Trailer for Peacock’s Noughts + Crosses Adaptation Is … Something
Peacock is doing another dystopian adaptation, this time of the young Malorie Blackman’s YA series Noughts & Crosses, which explores the concept of what would have happened if Europe had been colonized by African tribes instead.
I’ve heard of these books for years and been told that I should check them out, but despite them being written by a Black British woman of Caribbean ancestry, the entire concept just seems very … ehhh. The trailer does not help much, mostly because it looks like a lot of PanAfrican aesthetic, but it seriously lacks specificity. I get the concept, and maybe it’s better in the books, but it just feels off.

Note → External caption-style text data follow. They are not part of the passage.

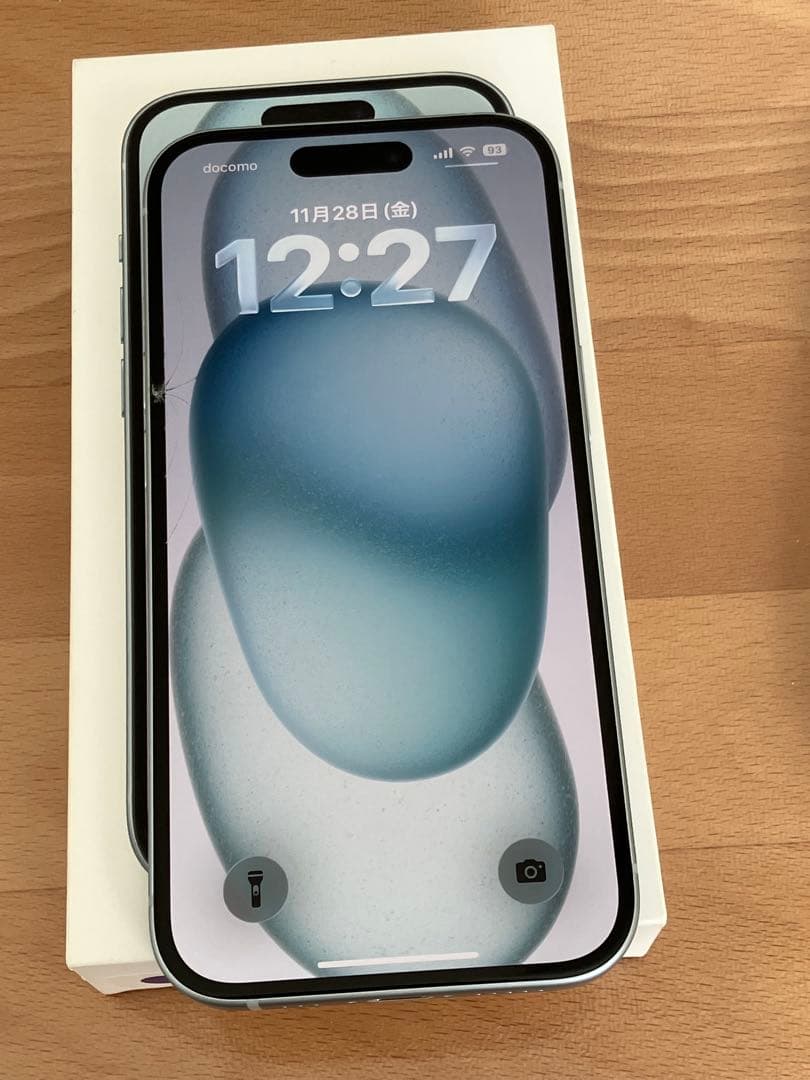 画面割れ iPhone15 本体 青 128GB iPhone 15 Apple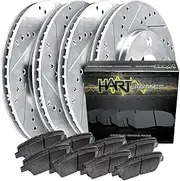 Hart Brakes Front and Rear Brake Rotors Silver Drilled Slotted Heavy Duty Pads Compatible For 2003-2005 Ford Explorer Sport, Explorer Sport Trac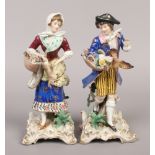 A pair of 19th century Samson porcelain figures after Chelsea examples.Condition report intended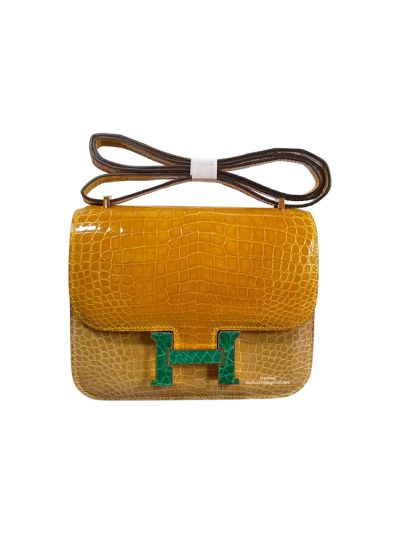 Hermes VIP Constance 19CM Mini Shoulder Bag Yellow Vert Emeraude Porosus Crocodile Leather 524993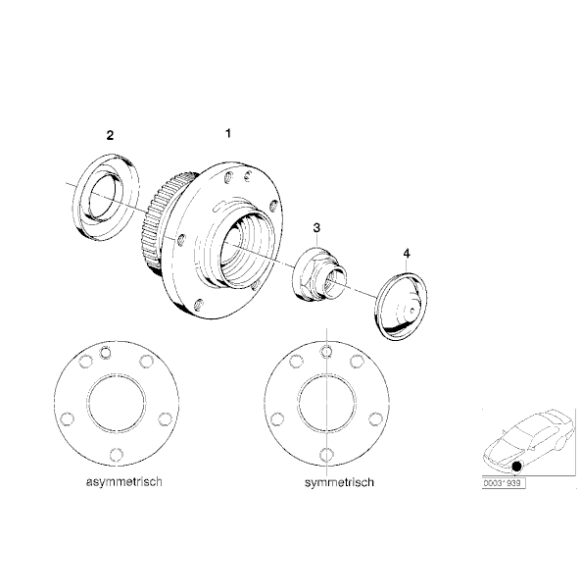 31211129386 Piasta koła asymetryczna BMW E34 E32 E31 - 31211129386 - Części oryginalne BMW Łódź | Sklep internetowy BMW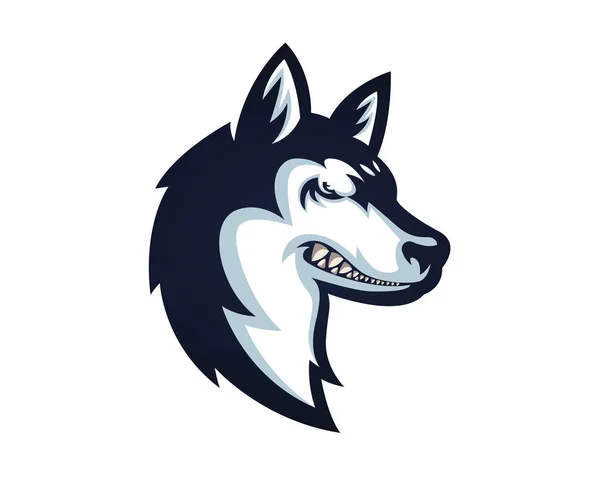 Grimmig Wütender Hund Charakter Logo Siberian Husky — Stockvektor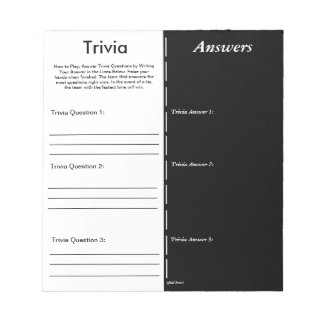 Trivia Party Game - Anpassningsbar fråga och svar Anteckningsblock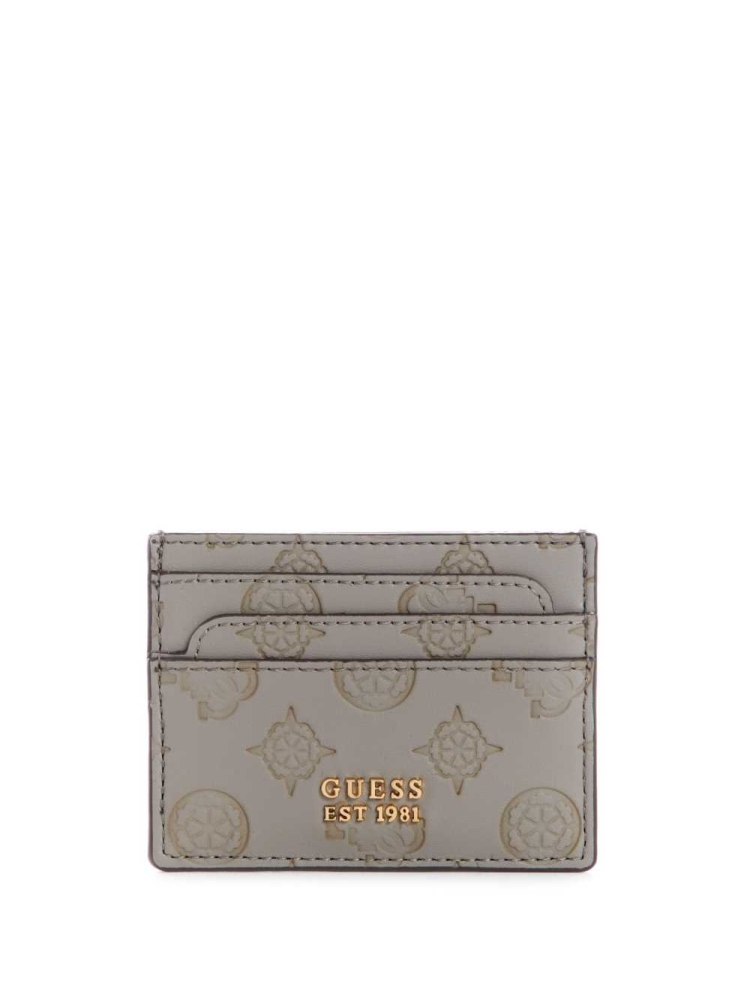 GUESS Bea Card Holder Women\'s Wallets Grey White | UK7349ZTS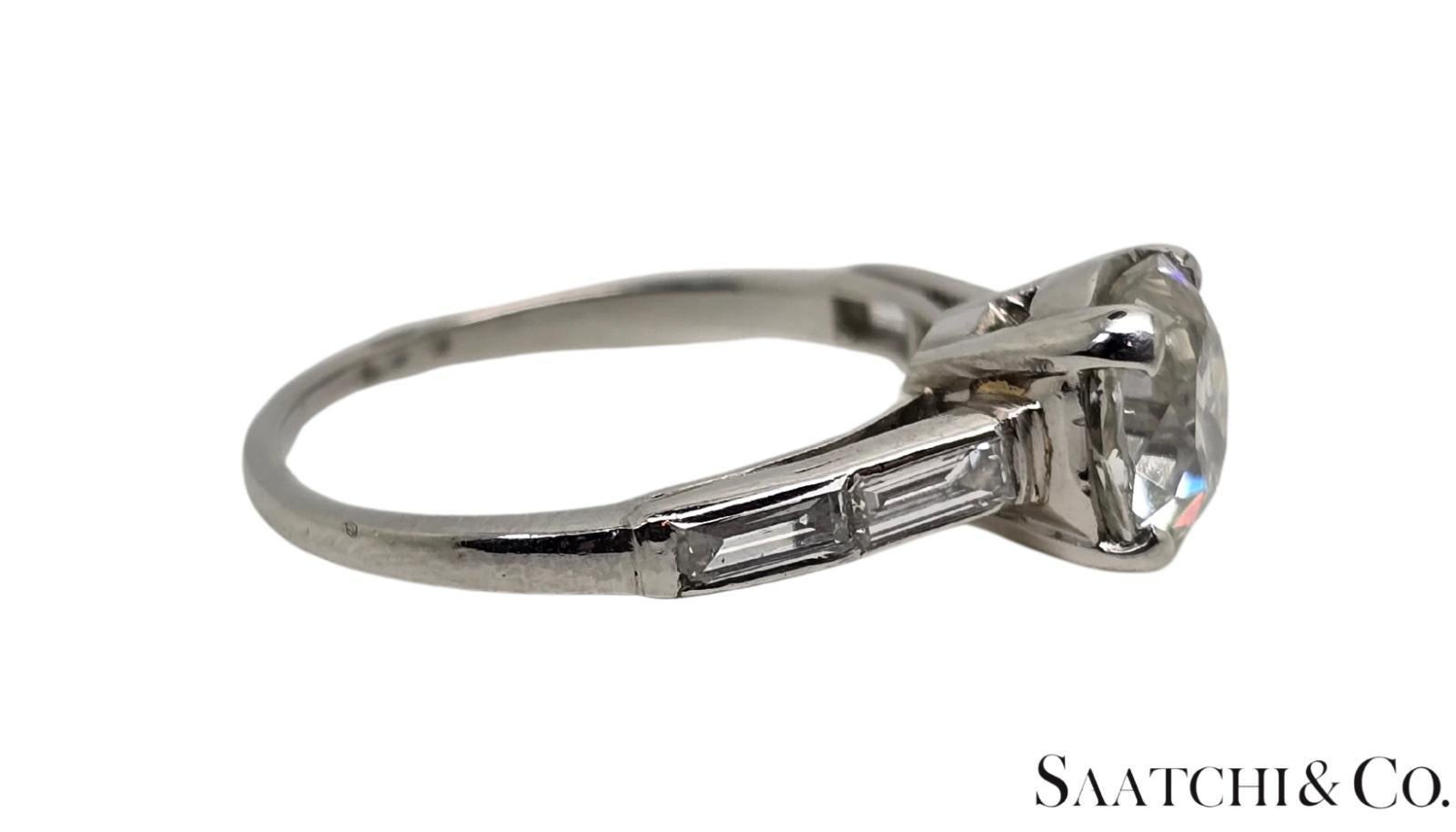 GIA zertifiziert 1,75 ct natürlichen Diamanten, Vinatge alten 14K Weißgold Ring, Größe 5,5 Damen im Angebot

“In this world, Africa — or ‘Aprica’ — invaded Europe centuries ago, enslaving its people. In present-day London, ‘Albion,’ slavery is an institution of the past, but Jim Crow-esque segregation laws maintain the power dynamic,” is the show’s official description, according to SyFy Wire. Noughts are white people, and Crosses are Black people.
I am aware the series was very popular in the U.K. and won several book awards for children’s series. I can certainly see why, especially in the world we are in now, the publishers want to adapt it into a series, but in just looking at the trailer, I find myself asking questions—mainly how the show will define “Africa.”
The issue with trying to just copy and paste one history onto another is that it oversimplifies why some places expand to colonize others and why some don’t. Africa is not one place; it is a continent, and the countries we see that make it up now are based on lines made up during colonization. Which tribes led this expansion? Was there a unification of multiple tribes to create a nation before? How did religion play into it?
Hopefully, the series will handle these issues with some tact. People have nothing but time on their hands, so if this series doesn’t come correct, it will be dragged to filth. It already aired on BBC iPlayer, but for those of us in the states wanting to check it out, the six-part series will air via Peacock in the U.S. on September 4.